## What needs to be done
Retype exactly the span of lines below from the one with "Size: 643x556 |" through the one with "Gloovon Elektrische Warmtedeken". Do not include pictures.
(Exercise inputs Opens)
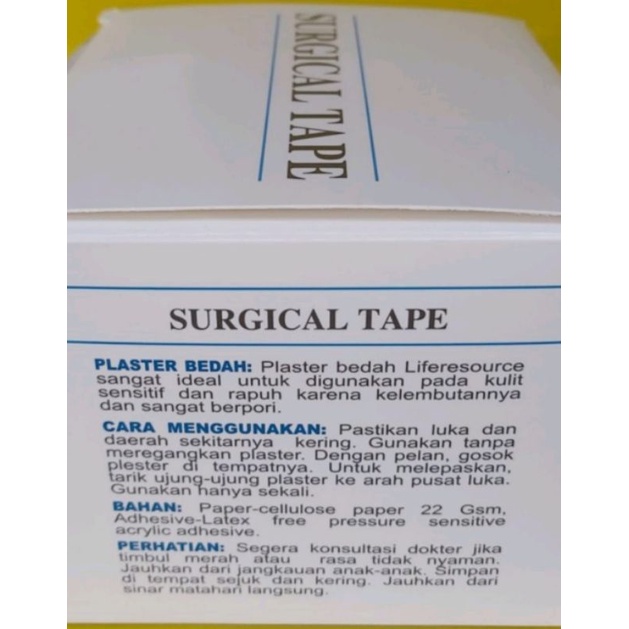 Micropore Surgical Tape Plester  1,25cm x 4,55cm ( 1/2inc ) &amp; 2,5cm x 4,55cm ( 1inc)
(Exercise inputs Closes)
(Exercise inputs Opens)
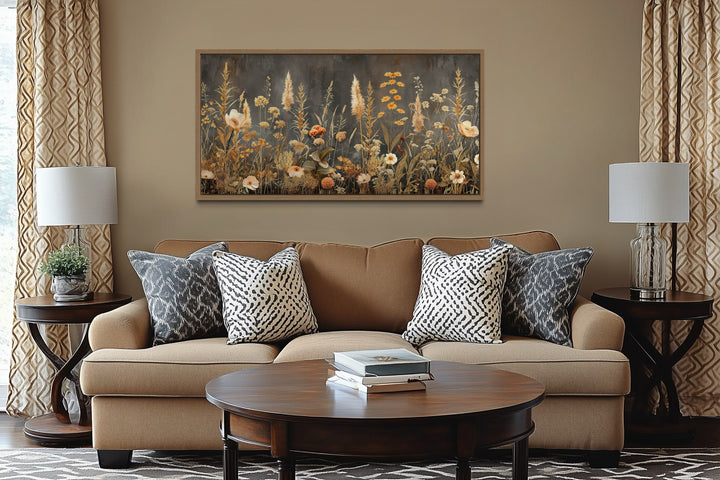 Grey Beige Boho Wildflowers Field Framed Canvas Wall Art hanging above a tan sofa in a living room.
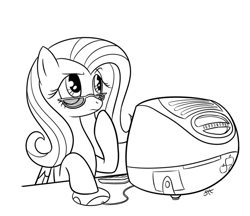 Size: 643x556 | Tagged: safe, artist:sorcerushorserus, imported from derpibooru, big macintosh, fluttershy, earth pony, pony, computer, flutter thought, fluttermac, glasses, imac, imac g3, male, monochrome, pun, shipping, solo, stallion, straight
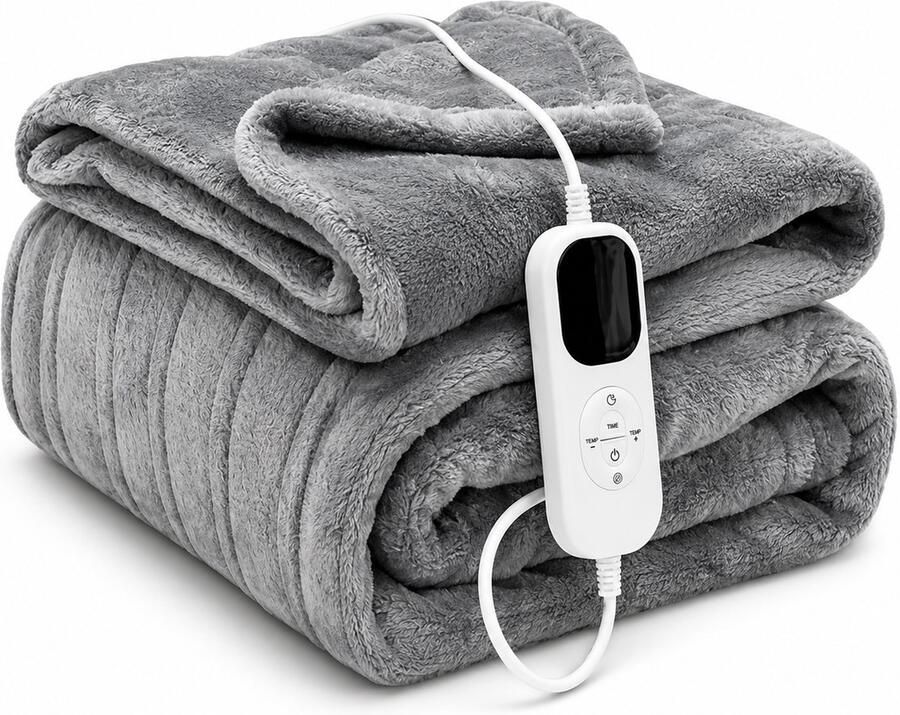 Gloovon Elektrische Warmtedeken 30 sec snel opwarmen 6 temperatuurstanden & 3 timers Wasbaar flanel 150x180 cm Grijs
(Exercise inputs Closes)
## Response below
 Size: 643x556 | Tagged: safe, artist:sorcerushorserus, imported from derpibooru, big macintosh, fluttershy, earth pony, pony, computer, flutter thought, fluttermac, glasses, imac, imac g3, male, monochrome, pun, shipping, solo, stallion, straight
 Gloovon Elektrische Warmtedeken 30 sec snel opwarmen 6 temperatuurstanden & 3 timers Wasbaar flanel 150x180 cm Grijs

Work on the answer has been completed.